• [Problem details]:
Every entry gets copied exactly. No images go into the copy.

• [Records to process]:
=== Begin Enclosure ===
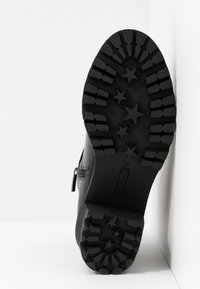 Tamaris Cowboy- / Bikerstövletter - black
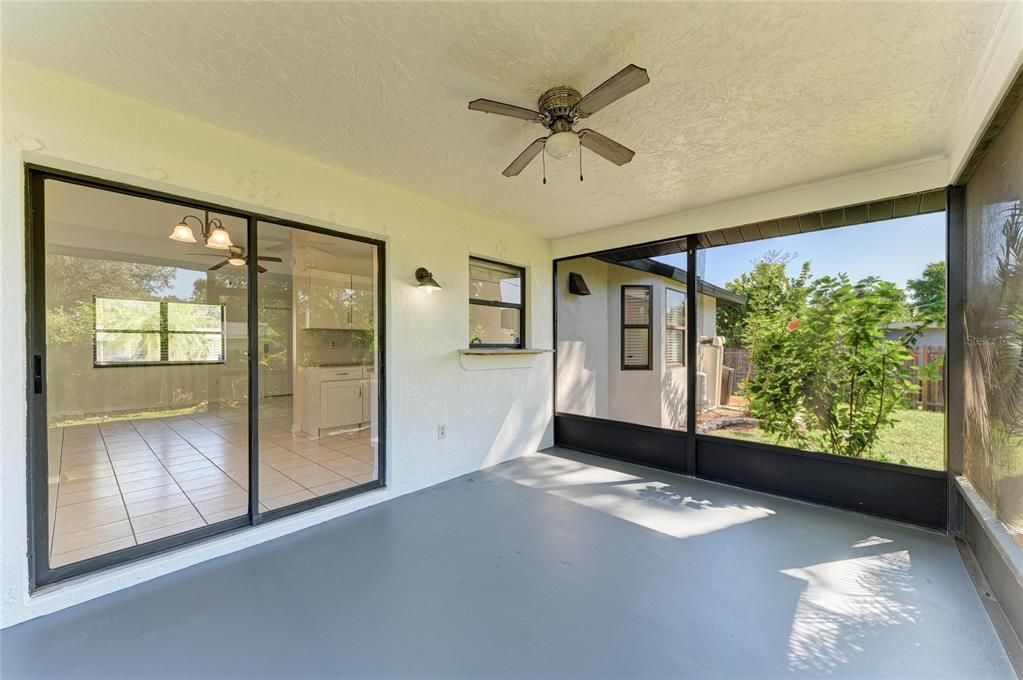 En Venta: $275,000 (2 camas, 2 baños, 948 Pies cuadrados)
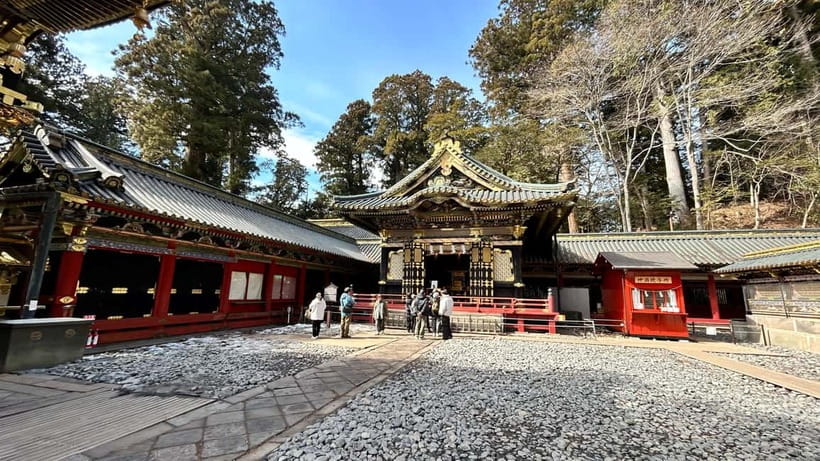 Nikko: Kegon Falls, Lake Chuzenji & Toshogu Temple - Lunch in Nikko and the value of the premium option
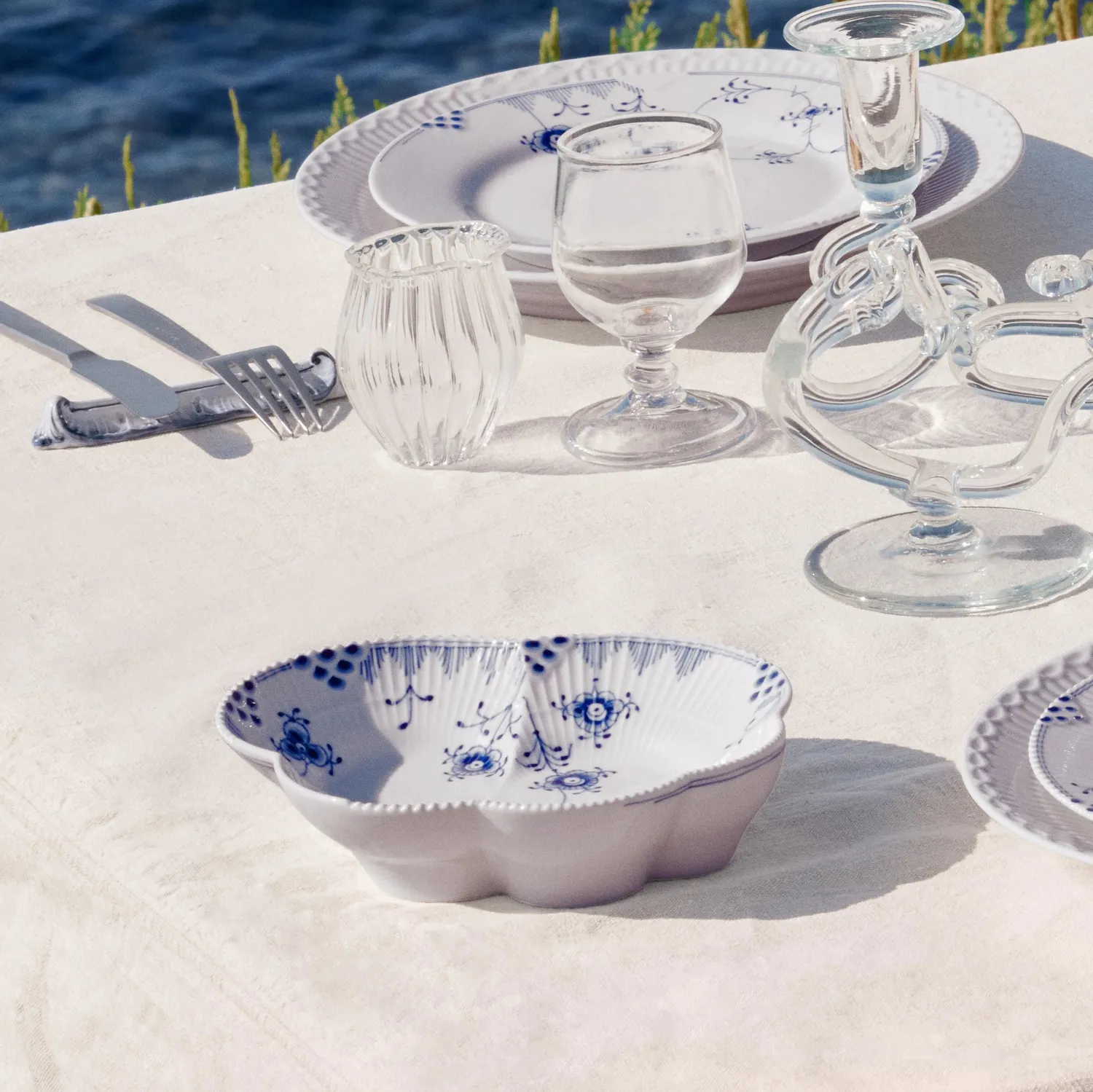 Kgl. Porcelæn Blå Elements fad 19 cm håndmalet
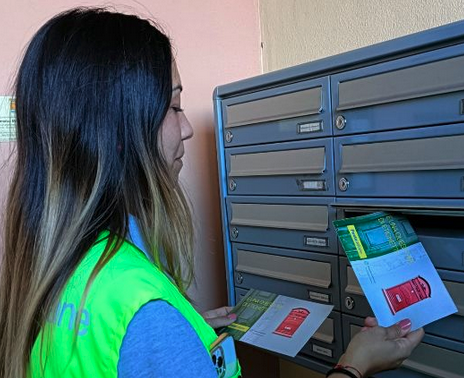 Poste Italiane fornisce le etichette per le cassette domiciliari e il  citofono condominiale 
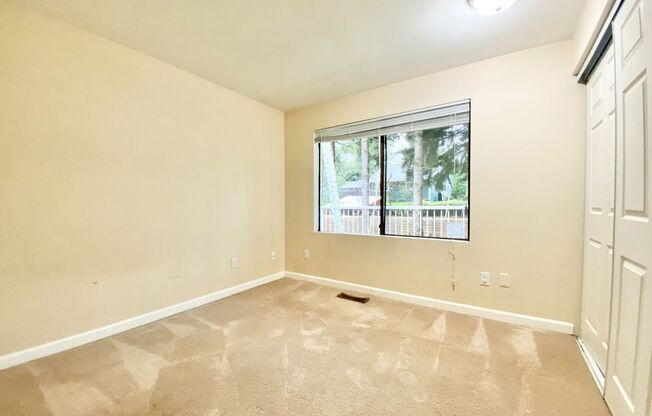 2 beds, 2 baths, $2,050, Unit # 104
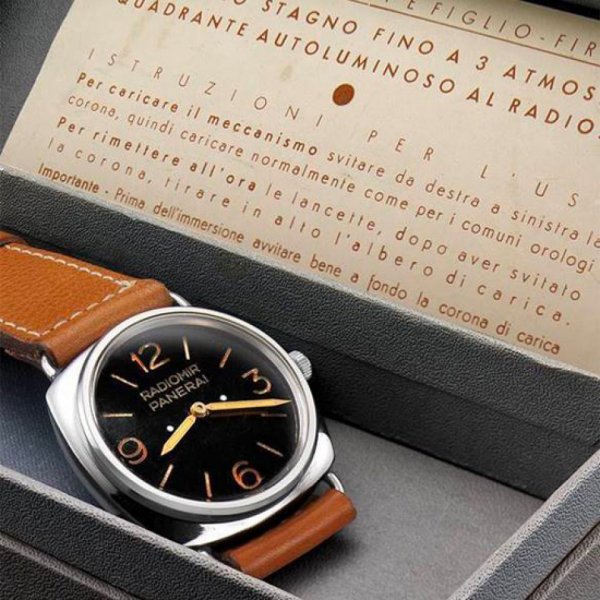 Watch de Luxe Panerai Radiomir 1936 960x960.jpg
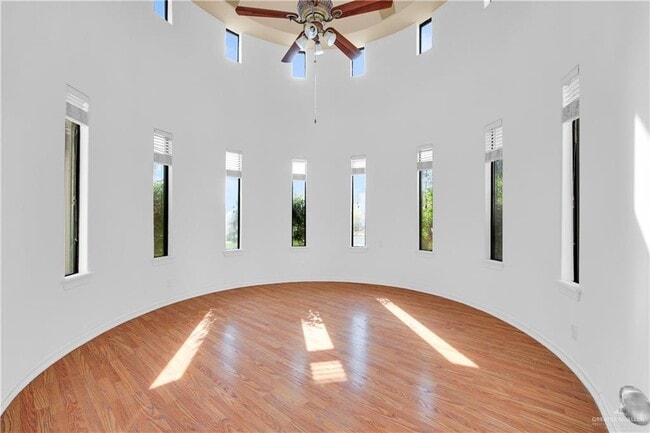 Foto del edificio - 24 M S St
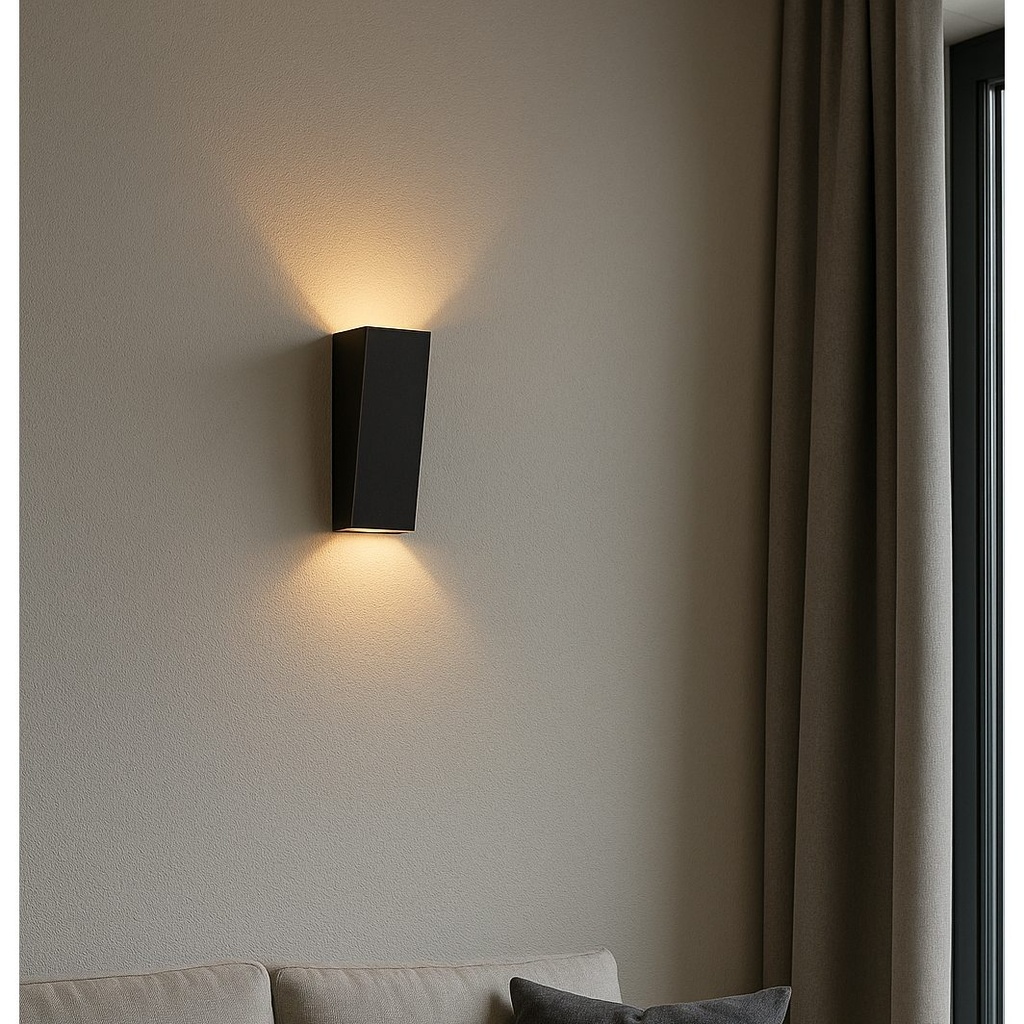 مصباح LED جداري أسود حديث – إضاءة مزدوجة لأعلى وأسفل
=== End Enclosure ===
• [Solution to the problem]:
 Tamaris Cowboy- / Bikerstövletter - black
 En Venta: $275,000 (2 camas, 2 baños, 948 Pies cuadrados)
 Nikko: Kegon Falls, Lake Chuzenji & Toshogu Temple - Lunch in Nikko and the value of the premium option
 Kgl. Porcelæn Blå Elements fad 19 cm håndmalet
 Poste Italiane fornisce le etichette per le cassette domiciliari e il  citofono condominiale 
 2 beds, 2 baths, $2,050, Unit # 104
 Watch de Luxe Panerai Radiomir 1936 960x960.jpg
 Foto del edificio - 24 M S St
 مصباح LED جداري أسود حديث – إضاءة مزدوجة لأعلى وأسفل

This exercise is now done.